Graduate School of Library and Information Science, UT Austin
Information Technologies
and the
Information Professions
spacer


Shortcuts
Home
Introduction
Syllabus
Texts
Tech Modules
Assignments
Standards
Grading
Completion
Resources
Discussion Board
 
GSLIS Links
GSLIS Home
Tutorial Junction
IT Services
 
Site Tools
Site Map
Contact Info
 
Introduction to TCP/IP
R. E. Wyllys

Introduction

This lesson discusses the Transmission Control Protocol (TCP), one of the combination of two protocols that together handle the movement of a large proportion of the actual bits and bytes on the Internet. The other is Internet Protocol (IP). The TCP/IP combination provides highly reliable transmission of messages (i.e., data) over the Internet.

Another important Internet protocol, User Datagram Protocol (UDP), is also used in conjunction with IP, but is of interest primarily to network administrators rather than to most end-users of the Internet. The UDP/IP combination is used in networks in which reliability can be ordinarily be assumed to be very high, so that the costly checking and re-checking processes provided by the TCP/IP combination can safely be dispensed with. Aside from this mention of UDP, we will not treat it here.

What is TCP/IP?

The combination of protocols known as TCP/IP was developed, starting in 1974, as part of research, sponsored by the Advanced Research Projects Agency (ARPA) of the U.S. Department of Defense (DoD), aimed toward developing the computer network known as ARPANET.

TCP/IP consists of two different types of protocol: The Transmission Control Protocol handles both the breaking up of a message into small individual packages (packets) at the transmission end of a communication link, and also the reassembling of the packets into the original message at the receiving end. The Internet Protocol handles the movement of the individual packets over Internet communication channels.

On your microcomputer you have software that implements the TCP/IP protocols, i.e., software that is the processor for TCP and IP. In general these programs are referred to as "sockets" or "TCP/IP stacks." On Windows machines the programs are called "Winsock"; on Macintoshes, as "MacTCP."
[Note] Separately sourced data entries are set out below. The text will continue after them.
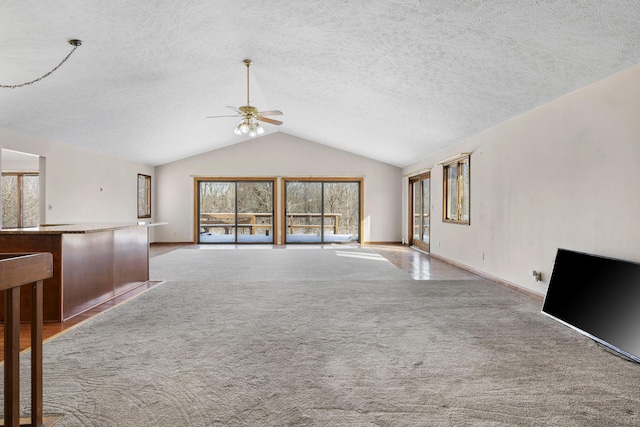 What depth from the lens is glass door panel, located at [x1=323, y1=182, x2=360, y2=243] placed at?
10648mm

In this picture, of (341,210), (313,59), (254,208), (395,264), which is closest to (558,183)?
(313,59)

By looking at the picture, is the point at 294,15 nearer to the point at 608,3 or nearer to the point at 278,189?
the point at 608,3

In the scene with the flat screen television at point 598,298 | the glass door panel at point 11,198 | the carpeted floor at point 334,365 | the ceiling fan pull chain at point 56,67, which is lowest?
the carpeted floor at point 334,365

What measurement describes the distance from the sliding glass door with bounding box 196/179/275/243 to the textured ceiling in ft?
11.5

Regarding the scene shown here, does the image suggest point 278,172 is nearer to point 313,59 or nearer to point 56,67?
point 313,59

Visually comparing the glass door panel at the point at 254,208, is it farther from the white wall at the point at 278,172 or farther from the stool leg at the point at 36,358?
the stool leg at the point at 36,358

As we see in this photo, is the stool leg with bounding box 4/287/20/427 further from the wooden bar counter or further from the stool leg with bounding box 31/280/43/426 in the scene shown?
the wooden bar counter

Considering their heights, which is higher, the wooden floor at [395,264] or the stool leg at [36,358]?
the stool leg at [36,358]

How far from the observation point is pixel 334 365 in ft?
8.27

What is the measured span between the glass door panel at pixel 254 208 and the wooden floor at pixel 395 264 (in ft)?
2.48

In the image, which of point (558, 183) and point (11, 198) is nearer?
point (558, 183)

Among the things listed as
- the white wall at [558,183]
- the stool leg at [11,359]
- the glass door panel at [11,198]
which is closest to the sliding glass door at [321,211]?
the white wall at [558,183]

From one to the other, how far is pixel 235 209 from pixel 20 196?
523cm

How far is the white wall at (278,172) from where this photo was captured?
34.4ft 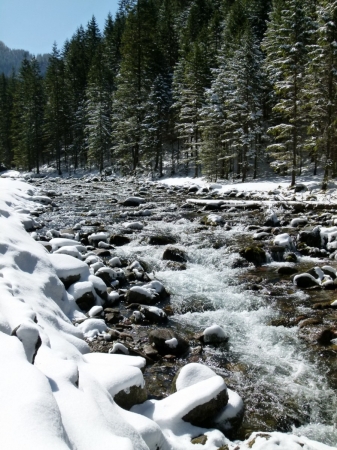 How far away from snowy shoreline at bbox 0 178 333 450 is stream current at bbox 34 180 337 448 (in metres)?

Packets and Their Structure

In this lesson we try to remove some of the mystery surrounding the workings of the Internet by explaining how the packet-communication process works. This involves taking a close look at the structure of a TCP packet, in the expectation that when you have read through this discussion you will understand the essence of the process (even though no one who does not work daily with the packet structure can be expected to remember all the details precisely).
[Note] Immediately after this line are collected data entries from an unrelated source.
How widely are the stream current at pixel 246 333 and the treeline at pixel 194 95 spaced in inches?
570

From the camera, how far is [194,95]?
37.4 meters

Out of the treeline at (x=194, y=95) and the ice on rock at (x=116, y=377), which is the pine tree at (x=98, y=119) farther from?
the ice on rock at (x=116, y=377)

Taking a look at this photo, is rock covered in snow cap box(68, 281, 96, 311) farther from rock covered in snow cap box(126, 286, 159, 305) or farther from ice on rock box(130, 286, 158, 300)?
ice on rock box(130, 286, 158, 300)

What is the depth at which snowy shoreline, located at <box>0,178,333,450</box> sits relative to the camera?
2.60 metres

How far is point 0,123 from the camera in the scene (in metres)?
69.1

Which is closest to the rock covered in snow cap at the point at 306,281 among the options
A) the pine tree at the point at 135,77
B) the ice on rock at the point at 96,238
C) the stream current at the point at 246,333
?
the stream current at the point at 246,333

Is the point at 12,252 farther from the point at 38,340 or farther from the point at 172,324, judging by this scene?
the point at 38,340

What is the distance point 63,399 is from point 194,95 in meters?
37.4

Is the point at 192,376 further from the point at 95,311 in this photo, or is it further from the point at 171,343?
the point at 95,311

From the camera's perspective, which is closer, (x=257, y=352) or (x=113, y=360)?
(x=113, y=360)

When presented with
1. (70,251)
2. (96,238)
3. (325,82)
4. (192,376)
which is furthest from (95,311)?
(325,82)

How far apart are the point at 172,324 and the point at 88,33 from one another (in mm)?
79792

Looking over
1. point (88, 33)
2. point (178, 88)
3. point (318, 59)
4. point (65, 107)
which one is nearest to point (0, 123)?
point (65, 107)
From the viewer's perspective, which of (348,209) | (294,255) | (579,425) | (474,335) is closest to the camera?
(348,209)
At the transmission end TCP breaks up a message into small packages of bytes called packets. The table below shows the parts of each packet in terms of its component fields. The table displays the name of each field and the numbers, within the packet, of the beginning bit and the ending bit of each field. For example, the Destination Address field begins with bit number 17 (i.e., the 17th bit in the packet) and ends with bit number 32 (i.e., the 32nd bit in the packet). The final bit in the packet, the last bit in the Data field, has a number that corresponds to the actual size of the packet. Packet sizes may vary, but are generally between 1000 and 1500.

  Field Name Beginning and Ending Bits
  Source Address 1, 16
  Destination Address 17, 32
  Sequence 33, 64
  Acknowledgment 65, 96
  Data Offset 97, 100
  Reserved 101, 106
  Urgent Flag (URG) 107, 107
  Acknowledge Flag (ACK) 108, 108
  Process Flag (PSH) 109, 109
  Reset Flag (RST) 110, 110
  Synchronization Flag (SYN) 111, 111
  Finish Flag (FIN) 112, 112
  Window 113, 128
  Checksum 129, 144
  Urgent Marker 145, 160
  Options 161, 184
  Pad 185, 192
  Data 193, Packet Size

The Fields in the Packet

The Source Address field contains the Internet address of the source of the packet, in digital form. That is, it stores an address like "www.gslis.utexas.edu" as the actual number, e.g., "128.83.145.81", for which "www.gslis.utexas.edu" is simply a semi-mnemonic substitute, more easily understood and remembered by humans than the underlying digits of the actual address. In similar fashion, the Destination Address field contains the digital Internet address to which the packet is to be sent.

For example, suppose that you enter "http://www.gslis.utexas.edu" in the address slot of your browser and hit the "Enter" (or "Return") key. Your browser works with the software in your computer (about which more later) to send a signal over the Internet to the Web server at the GSLIS Information Technology Laboratory (I. T. Lab), asking that server to send back to your browser a particular Webpage (which you know as the GSLIS home page: "Welcome to GSLIS . . .", etc.). The signal from your browser to the GSLIS Web server is contained in a packet that begins with a source address, viz., the Internet address assigned to you (at least temporarily, during your current login) by your Internet Service Provider (ISP). If you are using a machine in the IT Lab, the source address will be one assigned semi-permanently by the GSLIS Web server to the particular machine you are using. In either case it will be a digital address consisting of four different parts (whose significance we can ignore here) separated by three dots (periods). The destination address will, of course, be that of the GSLIS server.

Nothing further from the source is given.